IEEE Trans Image Process. 2014 Apr;23(4):1765-78. doi: 10.1109/TIP.2014.2307480.
Detecting generic object categories in images and videos are a fundamental issue in computer vision. However, it faces the challenges from inter and intraclass diversity, as well as distortions caused by viewpoints, poses, deformations, and so on. To solve object variations, this paper constructs a structure kernel and proposes a multiscale part-based model incorporating the discriminative power of kernels. The structure kernel would measure the resemblance of part-based objects in three aspects: 1) the global similarity term to measure the resemblance of the global visual appearance of relevant objects; 2) the part similarity term to measure the resemblance of the visual appearance of distinctive parts; and 3) the spatial similarity term to measure the resemblance of the spatial layout of parts. In essence, the deformation of parts in the structure kernel is penalized in a multiscale space with respect to horizontal displacement, vertical displacement, and scale difference. Part similarities are combined with different weights, which are optimized efficiently to maximize the intraclass similarities and minimize the interclass similarities by the normalized stochastic gradient ascent algorithm. In addition, the parameters of the structure kernel are learned during the training process with regard to the distribution of the data in a more discriminative way. With flexible part sizes on scale and displacement, it can be more robust to the intraclass variations, poses, and viewpoints. Theoretical analysis and experimental evaluations demonstrate that the proposed multiscale part-based representation model with structure kernel exhibits accurate and robust performance, and outperforms state-of-the-art object classification approaches.
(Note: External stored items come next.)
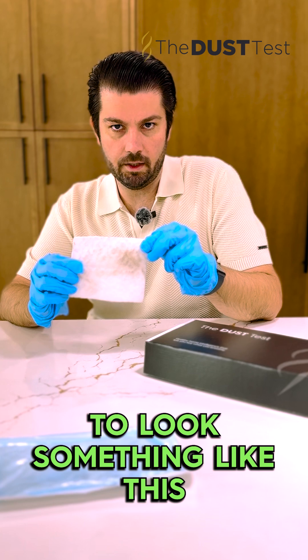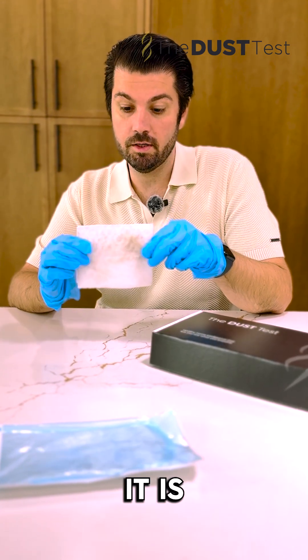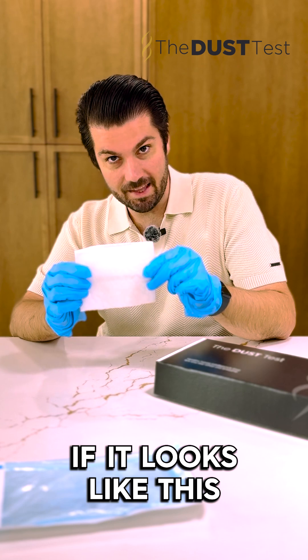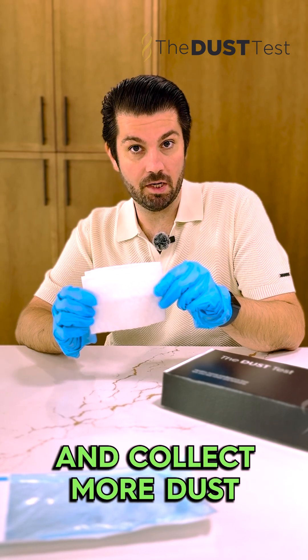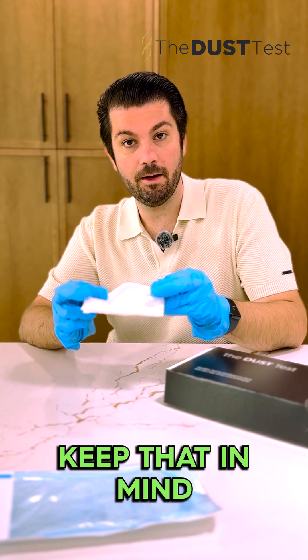You want your cloth to look something like this. You need about five milligrams of dust — it's not a lot of dust. Just make sure you see some evidence of dust on this cloth; this is the side we collected dust from. In comparison, if it looks like this and you literally see no dust on it, you're probably gonna want to wait a little bit and collect more dust, because you need to have some level of dust to be able to analyze. Keep that in mind.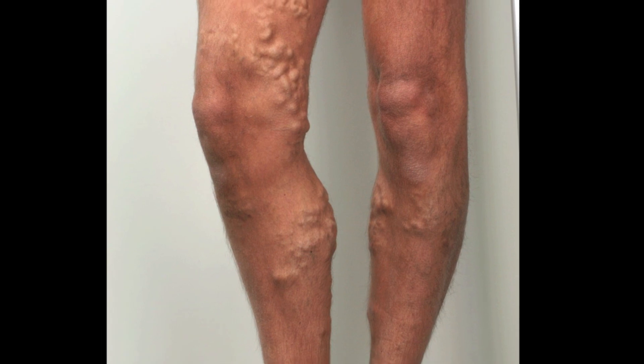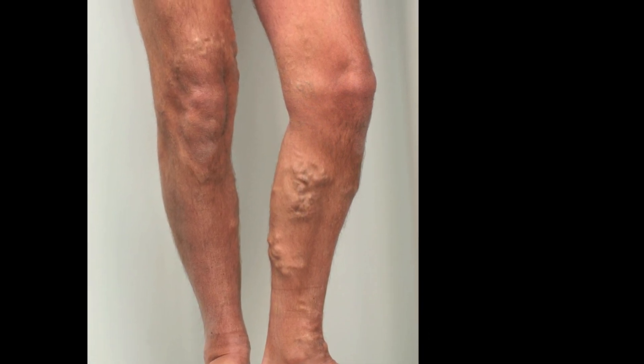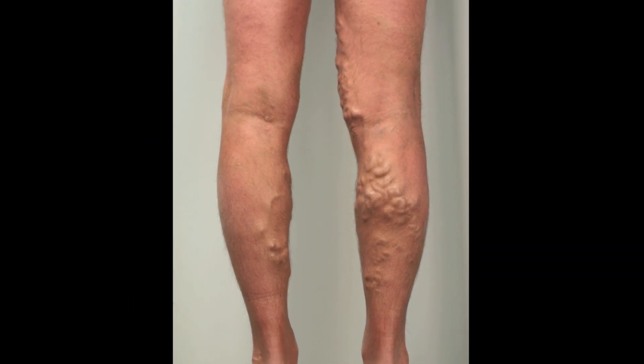Whilst this deals with the superficial vein reflux, and usually the varicose veins under the surface of the skin will decrease in size, getting a really good cosmetic appearance for people with large varicose veins remains a problem. Up until now, the standard technique has been to perform a microphlebectomy using a range of instruments that leave a linear scar — ophthalmic blades, very fine pointed blades, and even needles. Whilst these instruments are good for small to moderate sized varicose veins, the problem still remains how to deal with big varicose veins.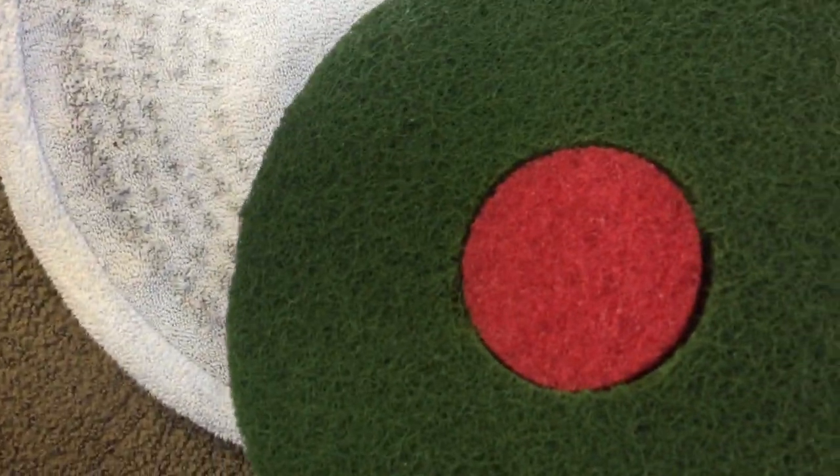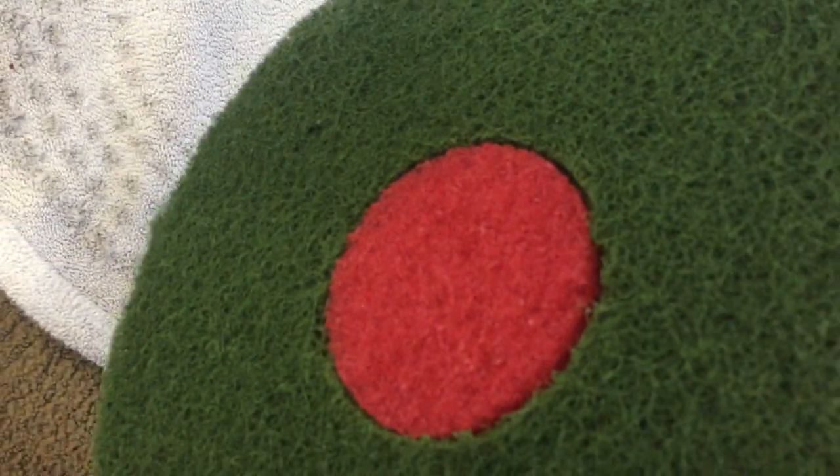By the way, the reason there's a red dot in the metal is because I got this pad given to me and it didn't have a center piece. So I just put a red one in there because I had that extra — either that or it's just Christmassy colors.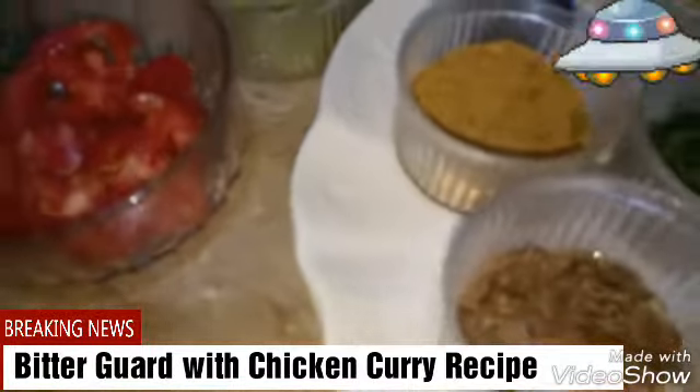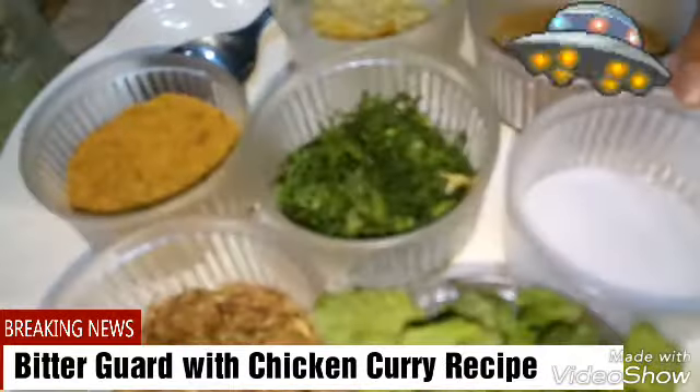we have taken bitter guard masala, we have taken cumin seeds — these are the fried brown cumin seeds, we have just browned them on a fry pan — and we have taken salt.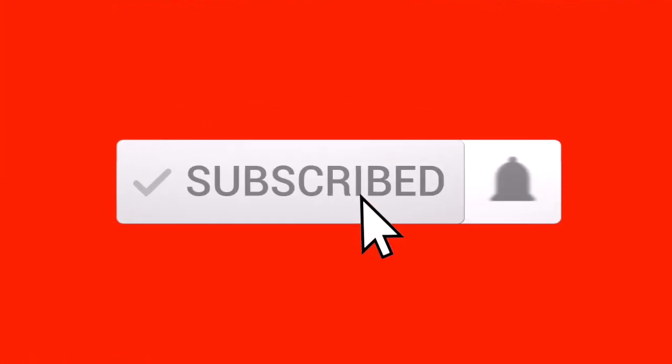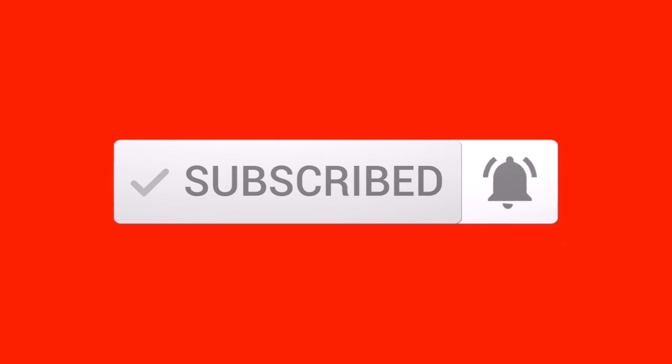Hi, my name is Gemma Perry and welcome to Mooncake, where ESL teaching is made easy. If you're an ESL teacher teaching online or abroad and you're looking to improve your teaching skills, then make sure you subscribe below and hit that notification bell for weekly ESL teaching tips.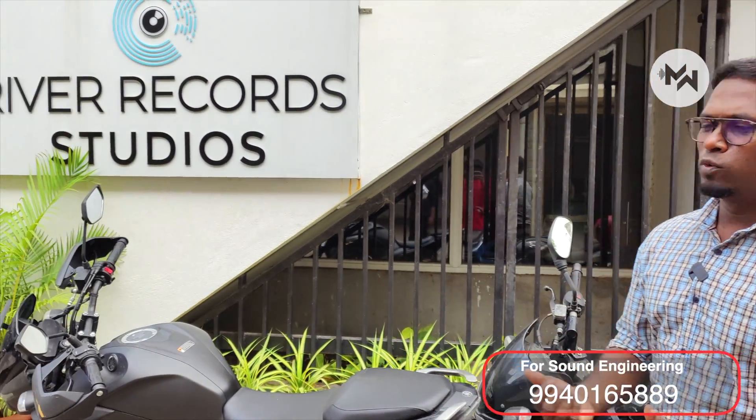Hello friends, I'm David Mann here. Welcome to the Makers Music Institute. Now let's talk about a Dolby studio — a Dolby lab. That's why it's River Records. Let's talk about it.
在计算机视觉中,检测图像和视频中的通用目标类别是一个基本问题。然而,它面临着来自类内和类间多样性的挑战,以及由于视角、姿势、变形等引起的失真。为了解决物体的变化,本文构建了一个结构核,并提出了一种多尺度基于部件的模型,该模型结合了核的判别能力。结构核将从三个方面度量基于部件的物体的相似性:1)全局相似性项,用于度量相关物体的全局视觉外观的相似性;2)部件相似性项,用于度量有区别的部件的视觉外观的相似性;3)空间相似性项,用于度量部件的空间布局的相似性。本质上,结构核中的部件变形在水平位移、垂直位移和尺度差异的多尺度空间中受到惩罚。部件相似性用不同的权重进行组合,这些权重通过归一化随机梯度上升算法进行优化,以最大化类内相似度和最小化类间相似度。此外,结构核的参数在训练过程中是根据数据的分布以更具判别力的方式进行学习的。具有灵活的部件大小和位移,可以更好地抵抗类内变化、姿势和视角的影响。理论分析和实验评估表明,所提出的基于结构核的多尺度基于部件的表示模型具有准确和鲁棒的性能,优于最先进的目标分类方法。